People should be the priority of Pakistan.

This is an excellent article on Pakistan. I have cut and pasted in full for maximum readership. Most people would agree to Mr. Naqvi’s views.

People to be the priority

M B Naqvi

The writer is a well-known

journalist and freelance columnist

[email protected]

PLAIN WORDS

A paradigm change in Pakistan’s foreign policy has to be anchored in national purposes. Hitherto the main national purpose was to wrest Kashmir from Indian control. Reflecting national priorities the budget structure gave overarching priority to somehow pay for the military that was required to wrest Kashmir from India. India’s larger resources have ensured Pakistan’s growing inferiority in conventional military strength. By 1971 everyone could see – and Islamabad tacitly admitted – that another conventional war would mean defeat.

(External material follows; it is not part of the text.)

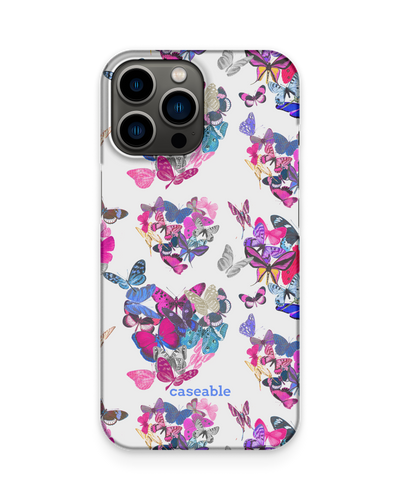 Butterfly Love Hard Shell Phone Case Apple iPhone 13 Pro Max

Post-1971 situation in 1972 demanded a new way of tackling the Kashmir problem. It was required to accept that Pakistan could not snatch Kashmir. Or Kashmir problem could only be solved by non-military means. At any rate, Pakistan’s imperialistic design of acquiring the entire Kashmir State was unrealistic. What could still work was to let Kashmiris struggle to shape their own future or Azadi. Main struggle was to be then between Indians and Kashmiris, with Pakistan having no active role.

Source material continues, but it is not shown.